- Contributed by听
- mightyjoe
- People in story:听
- Harold Astbury
- Location of story:听
- Dunkirk and Torun (Thorn) Poland
- Background to story:听
- Army
- Article ID:听
- A2310166
- Contributed on:听
- 18 February 2004
My late father was a prisoner in Stalag XXA (3A) in Poland following his capture at Dunkirk. He joined the territorial battalion of the Royal Warwickshire Regiment after the Munich crisis along with pals in their local rugby club in Coventry. As L/Cpl Harold Astbury 511320 he went to France in January 1940.
He was first wounded by "friendly fire" when he was struck in the head by shrapnel from French anti aircraft fire. His steel helmet saved him but to the end of his life he had pronounced scars in his scalp, which we would feel as children. He returned to active service just before the German invasion. He recalled the advance into Belgium was dispiriting as they passed through the cemeteries of the Great War. He told the tale of meeting Lord Gort, the C in C while his section were digging a tank trap.

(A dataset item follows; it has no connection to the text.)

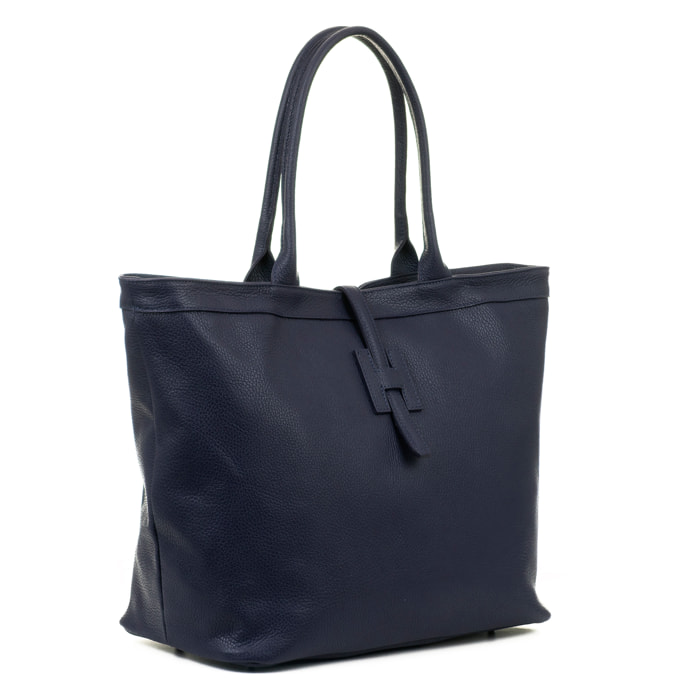 Aurigo borsa Shopper donna in vera pelle Dollaro. Doppia posizione.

After explaining to the General about what would happen with the trap when the Germans came, a junior staff officer piped up at the back. "The fellows talking as though they'll be here next week" Which was, my father said, was precisely what did happen.
At Dunkirk he said his unit along with others formed a defensive line on a canal on the Franco Belgian border. The next day they found the other units had been withdrawn. The Germans arrived and after a firefight he was wounded by a bullet passing through his top lip and he passed out from loss of blood. He, along with all those who did not get away then passed through Holland where he was seen by representatives of the Red Cross. He was given a pencil and a scrap of paper to put his name rank a serial number. This eventually reached his mother attached to a Red Cross postcard saying he had been seen and was alright, although now prisoner 12197. Others of his regiment were not so fortunate and were summarily executed by the Germans after capture.

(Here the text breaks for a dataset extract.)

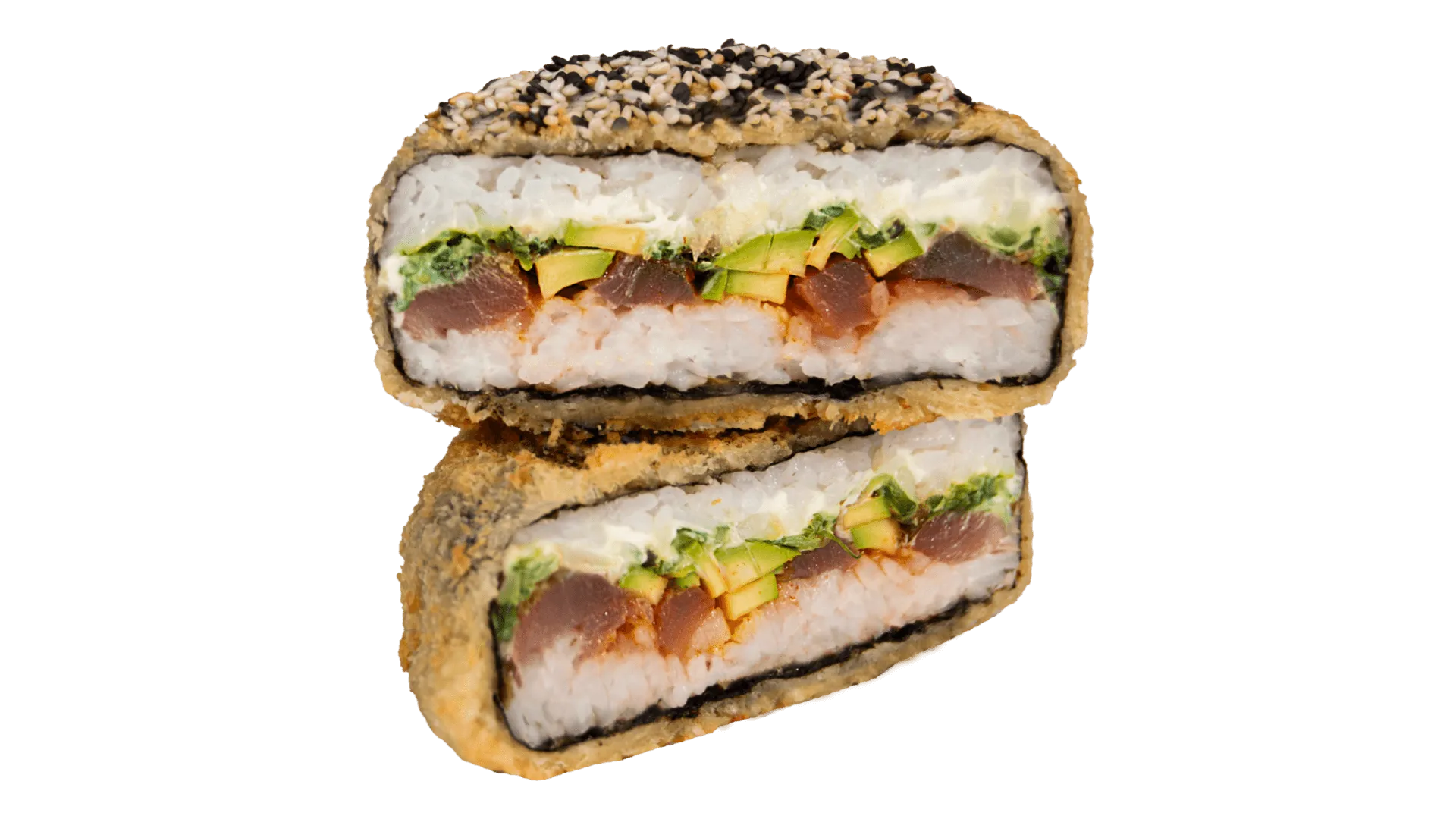 Mini Sushi burger z tuńczykiem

In Poland he was in a fortress built on the old German/Russian border. He said that at one time the Allied prisoners did not occupy the whole fort but that there were displaced Polish families there as well. A sad story he told me many years later was of how the prisoners were exercised by being marched round the top of the fort and that a prisoner had committed suicide by jumping from the fortress wall. He was always disparaging of the prisoner of war films made after the war as they always portrayed the life of officers and not that of other ranks who were required to work by the Germans. Therefore plans to escape could only be hatched in what free time they had. Certainly there were successes in getting home.
Prisoners set to manual labour. He told of working at the Christiana tabacfabrik packing tobacco for Germans on the Eastern front. They brought tobacco from the Balkans in cattle trucks and mixed it with a little Virginia tobacco bought before the war. The cattle trucks had been used to move animals and the prisoners were required to sweep everything out of the trucks. This was done with great care so that many a German light up a pipeful of cow dung in Russia! Before the war he was in the post office and also worked sorting prisoners mail and I have been contacted through the website by some one who can remember working with him.
The prisoners were paid in camp money for this work but the War Office then deducted this from their Army pay accruing in England.
He said that from the camp they could see the vapour trails of the German experimental launching of V" rockets from Peenamunde on the Baltic but discounted as fantasy the Polish reports of the Germans firing railway engines into space.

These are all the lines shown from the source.